-- Opening Marker --
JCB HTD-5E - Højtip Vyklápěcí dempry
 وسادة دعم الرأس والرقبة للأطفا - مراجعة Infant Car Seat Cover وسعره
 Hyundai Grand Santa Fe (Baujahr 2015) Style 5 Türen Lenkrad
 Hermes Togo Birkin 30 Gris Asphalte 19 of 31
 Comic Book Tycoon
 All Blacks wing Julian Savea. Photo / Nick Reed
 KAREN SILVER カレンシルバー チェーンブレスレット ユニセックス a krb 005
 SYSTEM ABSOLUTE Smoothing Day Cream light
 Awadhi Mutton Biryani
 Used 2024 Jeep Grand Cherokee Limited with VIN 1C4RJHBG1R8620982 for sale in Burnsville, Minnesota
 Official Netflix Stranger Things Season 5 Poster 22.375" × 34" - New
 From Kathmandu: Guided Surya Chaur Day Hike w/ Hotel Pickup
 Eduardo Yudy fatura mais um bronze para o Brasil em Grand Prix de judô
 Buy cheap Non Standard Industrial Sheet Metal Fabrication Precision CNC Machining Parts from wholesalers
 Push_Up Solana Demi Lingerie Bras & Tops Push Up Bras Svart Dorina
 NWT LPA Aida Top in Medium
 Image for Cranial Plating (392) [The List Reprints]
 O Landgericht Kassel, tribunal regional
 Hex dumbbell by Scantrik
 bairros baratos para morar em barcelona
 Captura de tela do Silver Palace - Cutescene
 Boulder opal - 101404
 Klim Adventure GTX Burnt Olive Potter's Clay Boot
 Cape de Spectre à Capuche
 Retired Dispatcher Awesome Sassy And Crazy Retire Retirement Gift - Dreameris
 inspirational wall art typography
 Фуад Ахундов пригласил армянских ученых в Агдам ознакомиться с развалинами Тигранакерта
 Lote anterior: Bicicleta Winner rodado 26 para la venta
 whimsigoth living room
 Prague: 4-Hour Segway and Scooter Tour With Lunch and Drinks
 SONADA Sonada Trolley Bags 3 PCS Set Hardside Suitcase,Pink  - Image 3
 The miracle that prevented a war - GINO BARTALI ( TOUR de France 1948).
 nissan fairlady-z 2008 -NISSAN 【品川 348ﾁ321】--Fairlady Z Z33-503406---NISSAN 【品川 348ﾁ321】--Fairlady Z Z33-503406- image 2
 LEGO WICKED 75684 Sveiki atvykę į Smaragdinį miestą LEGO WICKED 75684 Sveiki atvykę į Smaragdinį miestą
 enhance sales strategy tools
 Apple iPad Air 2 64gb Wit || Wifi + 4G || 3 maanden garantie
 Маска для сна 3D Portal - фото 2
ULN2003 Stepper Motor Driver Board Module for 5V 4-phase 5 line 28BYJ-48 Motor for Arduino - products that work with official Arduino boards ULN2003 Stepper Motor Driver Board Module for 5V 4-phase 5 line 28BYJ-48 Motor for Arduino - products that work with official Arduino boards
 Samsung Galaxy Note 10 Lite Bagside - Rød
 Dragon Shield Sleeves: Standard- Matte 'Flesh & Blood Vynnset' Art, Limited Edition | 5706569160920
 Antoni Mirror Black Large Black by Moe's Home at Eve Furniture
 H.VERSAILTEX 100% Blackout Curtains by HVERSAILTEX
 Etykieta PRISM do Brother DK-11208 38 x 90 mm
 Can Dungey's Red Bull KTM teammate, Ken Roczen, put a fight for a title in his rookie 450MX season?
-- Closing Marker --
_PROBLEM REQUIREMENTS_: The full data, transcribed without change, is the expected answer.

_SOLUTION TO THE PROBLEM_:
JCB HTD-5E - Højtip Vyklápěcí dempry
 وسادة دعم الرأس والرقبة للأطفا - مراجعة Infant Car Seat Cover وسعره
 Hyundai Grand Santa Fe (Baujahr 2015) Style 5 Türen Lenkrad
 Hermes Togo Birkin 30 Gris Asphalte 19 of 31
 Comic Book Tycoon
 All Blacks wing Julian Savea. Photo / Nick Reed
 KAREN SILVER カレンシルバー チェーンブレスレット ユニセックス a krb 005
 SYSTEM ABSOLUTE Smoothing Day Cream light
 Awadhi Mutton Biryani
 Used 2024 Jeep Grand Cherokee Limited with VIN 1C4RJHBG1R8620982 for sale in Burnsville, Minnesota
 Official Netflix Stranger Things Season 5 Poster 22.375" × 34" - New
 From Kathmandu: Guided Surya Chaur Day Hike w/ Hotel Pickup
 Eduardo Yudy fatura mais um bronze para o Brasil em Grand Prix de judô
 Buy cheap Non Standard Industrial Sheet Metal Fabrication Precision CNC Machining Parts from wholesalers
 Push_Up Solana Demi Lingerie Bras & Tops Push Up Bras Svart Dorina
 NWT LPA Aida Top in Medium
 Image for Cranial Plating (392) [The List Reprints]
 O Landgericht Kassel, tribunal regional
 Hex dumbbell by Scantrik
 bairros baratos para morar em barcelona
 Captura de tela do Silver Palace - Cutescene
 Boulder opal - 101404
 Klim Adventure GTX Burnt Olive Potter's Clay Boot
 Cape de Spectre à Capuche
 Retired Dispatcher Awesome Sassy And Crazy Retire Retirement Gift - Dreameris
 inspirational wall art typography
 Фуад Ахундов пригласил армянских ученых в Агдам ознакомиться с развалинами Тигранакерта
 Lote anterior: Bicicleta Winner rodado 26 para la venta
 whimsigoth living room
 Prague: 4-Hour Segway and Scooter Tour With Lunch and Drinks
 SONADA Sonada Trolley Bags 3 PCS Set Hardside Suitcase,Pink  - Image 3
 The miracle that prevented a war - GINO BARTALI ( TOUR de France 1948).
 nissan fairlady-z 2008 -NISSAN 【品川 348ﾁ321】--Fairlady Z Z33-503406---NISSAN 【品川 348ﾁ321】--Fairlady Z Z33-503406- image 2
 LEGO WICKED 75684 Sveiki atvykę į Smaragdinį miestą LEGO WICKED 75684 Sveiki atvykę į Smaragdinį miestą
 enhance sales strategy tools
 Apple iPad Air 2 64gb Wit || Wifi + 4G || 3 maanden garantie
 Маска для сна 3D Portal - фото 2
ULN2003 Stepper Motor Driver Board Module for 5V 4-phase 5 line 28BYJ-48 Motor for Arduino - products that work with official Arduino boards ULN2003 Stepper Motor Driver Board Module for 5V 4-phase 5 line 28BYJ-48 Motor for Arduino - products that work with official Arduino boards
 Samsung Galaxy Note 10 Lite Bagside - Rød
 Dragon Shield Sleeves: Standard- Matte 'Flesh & Blood Vynnset' Art, Limited Edition | 5706569160920
 Antoni Mirror Black Large Black by Moe's Home at Eve Furniture
 H.VERSAILTEX 100% Blackout Curtains by HVERSAILTEX
 Etykieta PRISM do Brother DK-11208 38 x 90 mm
 Can Dungey's Red Bull KTM teammate, Ken Roczen, put a fight for a title in his rookie 450MX season?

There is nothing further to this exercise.